The new £3.5bn Terminal 5 at London’s Heathrow Airport is one of the biggest and most complex building projects in recent times in the UK. DLT were responsible for conceptual and detailed design of the erection systems for the 18,500 tonne steel roof of the main terminal building and for the new 1100 tonne steel air traffic control tower. Both structures were fabricated off site and lifted into final position using strand jacks.
The main terminal roof was erected using methods more commonly found in major bridge construction. The main roof comprises a series of tied arch steel box rafters with a clear span of 156m, supported on tubular leg assemblies. The leg assemblies are erected first, onto DLT specially designed erection frames, followed by the box rafters. The rafters are assembled at ground level and then lifted to full height in groups of four using strand jacks. Each lift is 2,000 tonnes and is lifted with 16 No 185 tonne capacity strand jacks. The erection frames for the leg assemblies are designed to provide fully adjustable support to each of the leg components and to and skid between erection positions, avoiding the need to dismantle and re-erect.
The Control Tower consists of a 31m high accommodation pod and top mast section, the CAB, supported on a 56.5m guyed mast, total height 87.5m. The mast is stabilised using pairs of pretensioned guys attached to the mast just below the CAB structure and positioned at 120º intervals.
The new tower is located adjacent to Terminal 3 and is surrounded by operational aircraft stands and taxiway. To minimise the impact of the airport’s operation an erection concept was developed to construct the CAB off-site before transporting it to the permanent site and lifted it to allow the insertion of the prefabrication sections of Mast.
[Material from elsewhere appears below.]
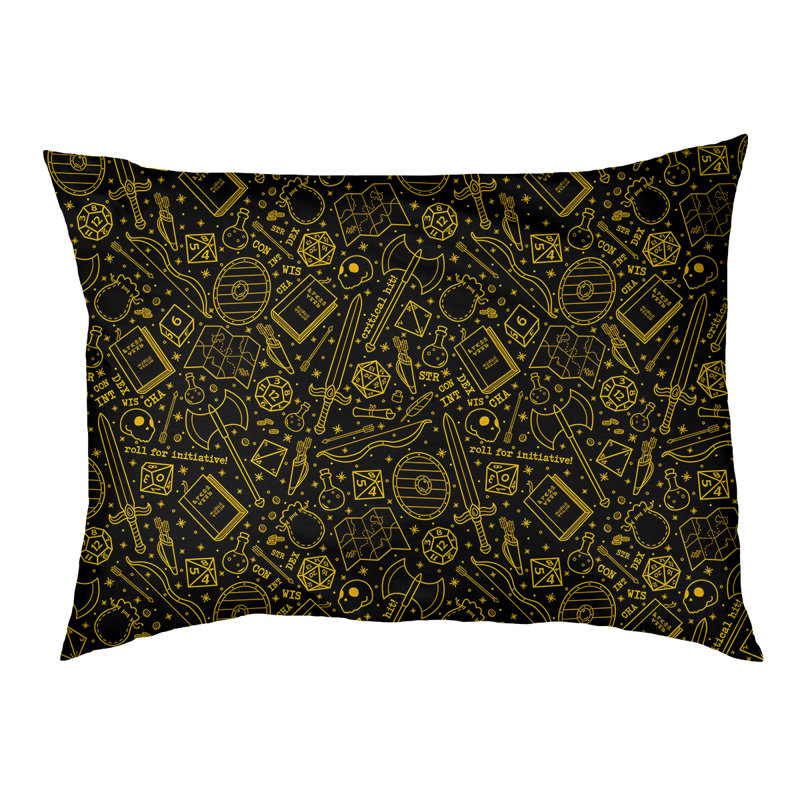 Coussin Byrge, Petit (l 29,5 po x P 19,5 po x H 9,5 po), Noir / Jaune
Once delivered to the final site the CAB was temporarily put down on to the permanent foundation. The temporary steelwork used for the transportation operation was reconfigured and two systems of jacks in open hydraulic circuits were installed between the upper and lower Yoke. These were used to effectively form a structural pin between the permanent structure and the temporary works minimising the forces induced into the permanent works during lifting. Three 16m high Lifting Towers were assembled, one at each corner of the triangular lower Yoke, to support the lifting strand jacks. During lifting, lateral stability of the partially completed Control Tower was achieved by three 180 tonne capacity strand jack operated guys. An additional three 180 tonnes capacity strand jack guys were tensioned to provide additional stiffness to the guying system outside operational weather windows.
The lifting jacks lifted the CAB structure approximately 14m, allowing a section of steel mast to will be installed below. The structure was then put down allowing the lifting system to be reset. This lifting cycle was repeated five times until the final section of mast was inserted. The completed Control Tower was then lowered onto its permanent foundation and the permanent guys installed.
Throughout the lifting operation a bespoke computer controlled system was used to synchronise the operation of the lifting and guying jacks and monitor loads. A separate geo-positioning system was used to constantly monitor the position of the top of the CAB, the lifting yoke and the lifting towers.